How is a Credit Union Different from a Bank?
Credit unions and banks operate similarly except for their business structure. Banks are for-profit, and credit unions are not-for-profit.
Banks operate with the shareholders in mind, and credit unions operate with the members in mind.
Credit unions take the money they have and put it back into the members’ hands. Banks use the money to keep up the profits and share them with the shareholders.
>> More: Credit Unions vs. Banks
Membership Requirements to Join a Credit Union
Every credit union has different membership requirements, but a common denominator is a group or affiliation you have.
A few examples include:
- You all work for the same employer
- You live in a specific geographic area
- You belong to a specific group or affiliation
Pros and Cons of Credit Unions
- Personalized service – Credit unions work out of one or two branches, usually. All professionals get to know all members. This allows them to provide tailored service for each member rather than a ‘by the book’ service that doesn’t cater to each person’s needs.
- Better interest rates – Most credit unions offer higher APYs on deposit accounts and lower APRs on loans.
- Fewer fees – Most credit unions keep their fees to a minimum to make it more affordable for members to get the financing they need.
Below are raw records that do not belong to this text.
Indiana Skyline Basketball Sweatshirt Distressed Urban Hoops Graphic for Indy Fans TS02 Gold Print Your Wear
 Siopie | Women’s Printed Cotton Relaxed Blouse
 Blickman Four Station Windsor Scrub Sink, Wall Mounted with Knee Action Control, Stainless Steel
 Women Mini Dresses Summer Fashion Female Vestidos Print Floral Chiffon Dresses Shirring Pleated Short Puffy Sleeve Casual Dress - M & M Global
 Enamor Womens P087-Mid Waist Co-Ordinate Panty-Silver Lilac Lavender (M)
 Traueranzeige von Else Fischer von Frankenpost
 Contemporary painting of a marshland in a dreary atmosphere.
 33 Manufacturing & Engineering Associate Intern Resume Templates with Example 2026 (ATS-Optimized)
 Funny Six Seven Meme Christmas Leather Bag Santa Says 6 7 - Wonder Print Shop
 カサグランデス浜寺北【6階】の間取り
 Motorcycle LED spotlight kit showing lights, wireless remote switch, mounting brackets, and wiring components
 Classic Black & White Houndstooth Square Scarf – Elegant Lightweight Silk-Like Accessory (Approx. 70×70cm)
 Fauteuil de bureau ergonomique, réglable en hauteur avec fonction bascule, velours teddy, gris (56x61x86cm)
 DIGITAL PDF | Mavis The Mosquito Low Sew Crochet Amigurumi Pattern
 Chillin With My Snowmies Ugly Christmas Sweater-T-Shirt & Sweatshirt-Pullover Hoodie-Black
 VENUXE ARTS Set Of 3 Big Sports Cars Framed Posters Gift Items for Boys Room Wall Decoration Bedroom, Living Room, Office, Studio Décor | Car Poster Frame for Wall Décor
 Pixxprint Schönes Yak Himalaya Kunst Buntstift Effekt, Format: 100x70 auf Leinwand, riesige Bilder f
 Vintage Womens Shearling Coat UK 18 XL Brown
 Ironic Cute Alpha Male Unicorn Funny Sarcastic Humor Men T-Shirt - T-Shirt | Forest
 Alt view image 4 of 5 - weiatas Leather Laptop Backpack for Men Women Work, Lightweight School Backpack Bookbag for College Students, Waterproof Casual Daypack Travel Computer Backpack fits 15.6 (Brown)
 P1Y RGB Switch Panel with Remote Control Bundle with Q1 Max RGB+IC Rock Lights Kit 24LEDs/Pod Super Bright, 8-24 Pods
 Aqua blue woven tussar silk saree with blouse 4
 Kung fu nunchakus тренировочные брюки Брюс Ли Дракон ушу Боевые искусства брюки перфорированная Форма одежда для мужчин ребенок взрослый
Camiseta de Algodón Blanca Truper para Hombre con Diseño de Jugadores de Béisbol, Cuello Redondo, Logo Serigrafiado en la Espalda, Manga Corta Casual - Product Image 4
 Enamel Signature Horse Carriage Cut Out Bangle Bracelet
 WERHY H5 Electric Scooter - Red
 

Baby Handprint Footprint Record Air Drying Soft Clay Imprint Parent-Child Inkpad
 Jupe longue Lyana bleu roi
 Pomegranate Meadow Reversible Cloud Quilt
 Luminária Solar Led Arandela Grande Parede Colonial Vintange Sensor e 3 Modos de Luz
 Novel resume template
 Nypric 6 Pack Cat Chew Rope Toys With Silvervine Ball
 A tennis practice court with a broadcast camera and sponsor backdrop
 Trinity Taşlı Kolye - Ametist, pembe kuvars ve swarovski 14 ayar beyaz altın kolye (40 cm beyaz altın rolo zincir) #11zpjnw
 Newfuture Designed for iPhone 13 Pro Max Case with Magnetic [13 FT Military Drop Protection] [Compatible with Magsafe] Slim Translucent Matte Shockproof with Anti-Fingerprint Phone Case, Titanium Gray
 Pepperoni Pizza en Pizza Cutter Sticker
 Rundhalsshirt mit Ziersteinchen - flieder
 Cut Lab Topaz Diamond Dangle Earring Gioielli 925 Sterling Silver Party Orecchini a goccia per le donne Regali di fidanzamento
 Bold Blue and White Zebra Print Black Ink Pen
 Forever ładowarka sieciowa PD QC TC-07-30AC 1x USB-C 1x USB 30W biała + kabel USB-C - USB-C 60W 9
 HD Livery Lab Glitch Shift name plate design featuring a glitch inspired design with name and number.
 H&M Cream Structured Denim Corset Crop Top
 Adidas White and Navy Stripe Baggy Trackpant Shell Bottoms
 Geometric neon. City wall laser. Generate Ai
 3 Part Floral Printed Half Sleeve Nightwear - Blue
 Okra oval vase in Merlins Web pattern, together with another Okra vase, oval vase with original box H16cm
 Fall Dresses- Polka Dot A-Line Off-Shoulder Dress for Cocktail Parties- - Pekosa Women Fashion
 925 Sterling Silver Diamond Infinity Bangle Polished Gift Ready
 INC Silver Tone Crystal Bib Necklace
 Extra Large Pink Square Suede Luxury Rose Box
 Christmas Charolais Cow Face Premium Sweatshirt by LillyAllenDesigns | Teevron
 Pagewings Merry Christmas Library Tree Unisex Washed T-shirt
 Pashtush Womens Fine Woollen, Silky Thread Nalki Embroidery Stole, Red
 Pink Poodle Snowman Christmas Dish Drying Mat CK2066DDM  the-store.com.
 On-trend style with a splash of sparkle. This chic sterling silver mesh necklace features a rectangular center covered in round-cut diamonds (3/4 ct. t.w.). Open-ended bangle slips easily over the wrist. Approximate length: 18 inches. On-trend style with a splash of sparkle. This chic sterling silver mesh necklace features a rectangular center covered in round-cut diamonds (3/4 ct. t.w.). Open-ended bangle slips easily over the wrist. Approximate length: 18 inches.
- Membership required – Only members may use a credit union. You must be a part of the group or affiliated with a specific organization to join.
- Not as many products – Credit unions offer great products, but the selection is often less than what banks offer.
- Fewer branches – Credit unions often have one branch, making it hard to access your funds.
>> More: Best Bank Accounts to Open
Credit Union FAQs
Can Anyone Join a Credit Union?
No, you must be a part of the group or affiliation a credit union has, but they are getting more widespread today. For example, you may join a credit union because you live in a specific area or are part of a specific affiliation.
Are Credit Unions Safe?
Yes, like banks credit unions are safe. You can conduct your banking transactions and feel comfortable. Most credit unions do not have advanced technological apps like banks, so most of your transactions are done in person, which may make you feel even safer.
How Are Credit Unions Regulated?
The National Credit Union Administration oversees federally insured credit unions, and each state’s department oversees state insured credit unions.
Are Credit Unions FDIC Insured?
Like banks, credit unions carry insurance, but the National Credit Union Administration insures the accounts rather than FDIC insurance. Like banks, each account is insured up to $250,000.
What is the National Credit Union Administration?
The National Credit Union Administration (NCUA) oversees deposits at federally insured credit unions. They protect the members of the credit union, ensuring that their money is safe.
Are Credit Unions Insured?
Yes, credit unions are insured by the National Credit Union Administration.
Bottom Line: What Is a Credit Union?
A credit union is a member-owned financial institution that looks out for its members. Most people enjoy credit unions for the higher savings rates and lower loan rates and fees.
As a member, you get a say in how the bank operates and the satisfaction of knowing you aren’t paying to keep the shareholders happy since, as a member, you are one of them.